Während Sponsoren automatisch Club-Mitglied werden, gibt es für Interessierte auch die Möglichkeit, als reiner Unterstützer beizutreten – also ohne ein Sponsorenpaket zu buchen. Hierbei kann man zwischen zwei Varianten wählen. Als „Blau-Gelber“ wird man zum Förderer, erhält die SV Atlas-Clubcard, eine Sitzplatz-Dauerkarte und kann bis zu zwei weitere Dauerkarten mit einem Rabatt von zehn Prozent erwerben. Zudem nimmt man am allgemeinen Club-Leben teil und kann bei „exklusiven Club-Veranstaltungen“ dabei sein. Der Beitrag pro Saison beträgt 750 Euro. Als „Spielmacher“ erhält man neben der Clubcard ein Trikot mit der Spielmacher-Rückennummer zehn und dem eigenen Namen. Außerdem bekommt man zwei Sitzplatz-Dauerkarten und kann bis zu zwei weitere Dauerkarten mit einem Rabatt von zehn Prozent ergattern. Club-Leben und Events sind natürlich ebenfalls integriert. Der Beitrag pro Saison liegt bei 1250 Euro.

Laut Stefan Keller arbeitet der SVA bereits seit einigen Monaten an der Entstehung des Clubs. Man habe sich bewusst für zwei Kategorien entschieden. „Daran sieht man: Es ist nicht ausdrücklich ein Club der Eliten. Das passt nicht zu Delmenhorst und Atlas, das wollen wir nicht“, stellt der Marketing-Vorstand klar. „Jeder, der für den SV Atlas was unternimmt, ist gleich viel wert.“ Man freue sich über jeden, der mitmacht. „Wir wollen nahbar bleiben“, sagt Keller. Die bisherigen Reaktionen seien sehr positiv. Im Bereich der Förderer gebe es bereits neue Mitglieder, weitere Anträge seien schon abgegeben worden.

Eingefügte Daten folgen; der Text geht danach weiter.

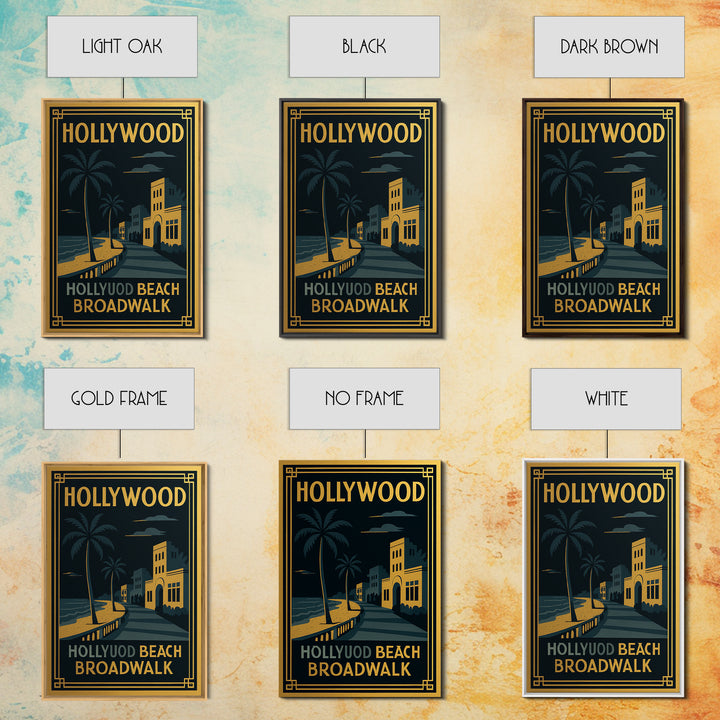 Hollywood Florida Travel Poster, Canvas Print, Gold Art Deco Wall Art, Hollywood City Art, Retro Travel Print, Travel Print, Wall Art
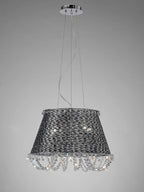 Diyas - Lanzo Pendant 4 Light E14 Black Chrome/Crystal (Diyas IL31121) - Luminosity Designs Ltd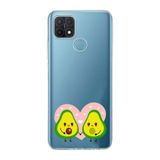 Manitoba Oppo A15/A15S Uyumlu Baskılı Yumuşak Silikon Şeffaf Telefon Kılıfı, Avokado Desen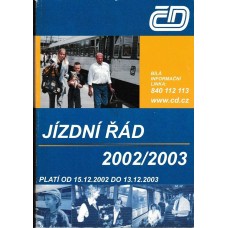 ČD Jízdní řád 2002/2003 platí od15.12.2002 do 13.12.2003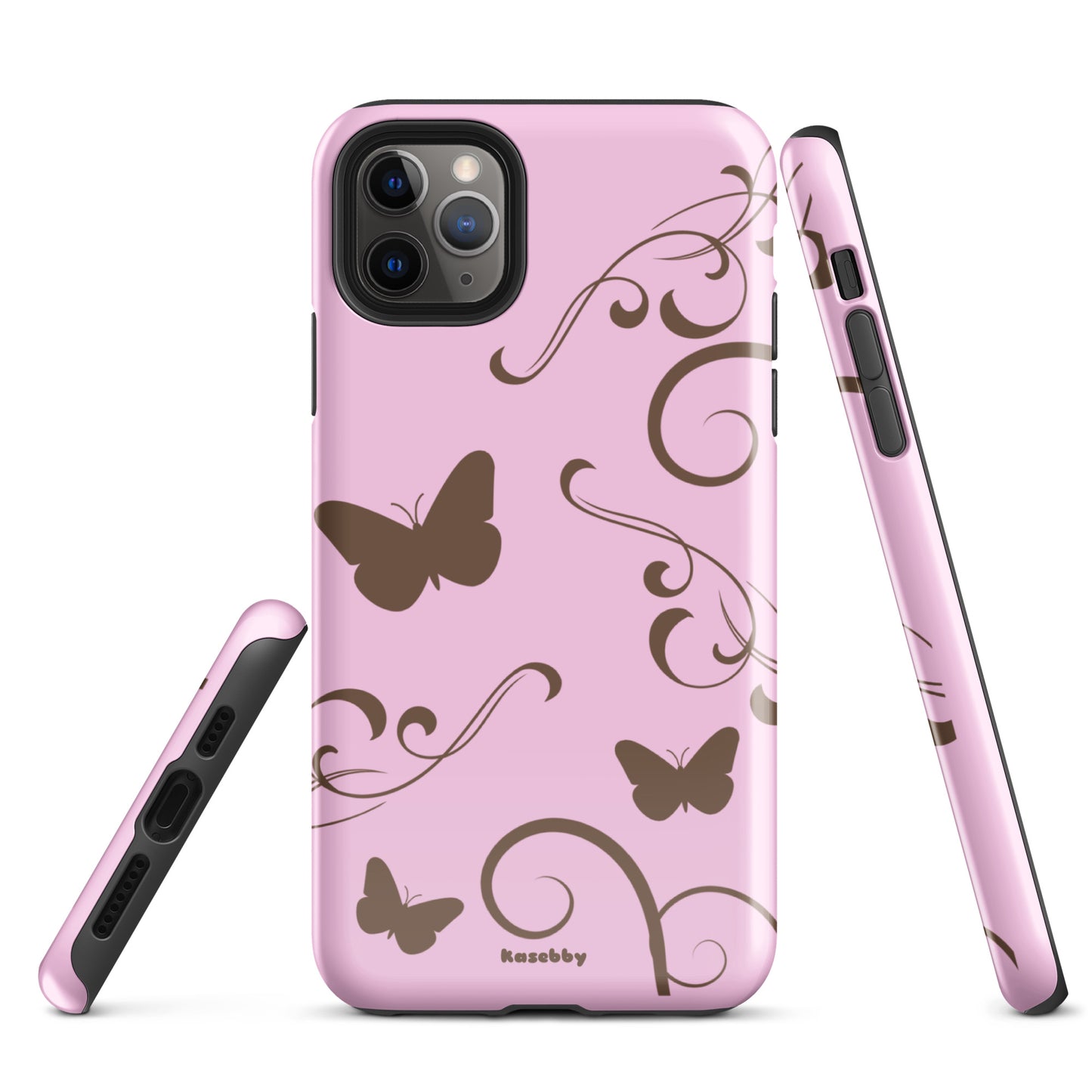 Pink and Brown Y2K Aesthetic Butterfly Swirl Phone Case - kasebby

Für Zusammenkünfte der Mitglieder soll im Stadiongebäude ein Clubraum entstehen. Dieser soll eine Stunde vor jedem Spiel, in der Halbzeitpause und bis 90 Minuten nach dem Abpfiff geöffnet werden, um zu klönen und zu fachsimpeln. Diverse Getränke und kleine Snacks gibt es auf Selbstkostenbasis. Die Stadt muss der dauerhaften Nutzung der Räumlichkeit allerdings noch zustimmen. Die erwähnte Clubcard weist einen als Mitglied aus und berechtigt zur Teilnahme an einem Rabattsystem, das sich noch in der Entstehung befindet. Darüber hinaus soll es mehrmals im Jahr einen Stammtisch geben, zu dem jeweils eine bekannte Persönlichkeit zum Gespräch eingeladen wird. „Wir wollen grundsätzlich neben Atlas etwas Interessantes bieten“, sagt Stefan Keller. Das Clubmanagement übernimmt Gabi Steen. Weitere Informationen gibt es auf der Internetseite www.svatlas-club.de. Hier steht auch der Mitgliedsantrag zum Herunterladen bereit.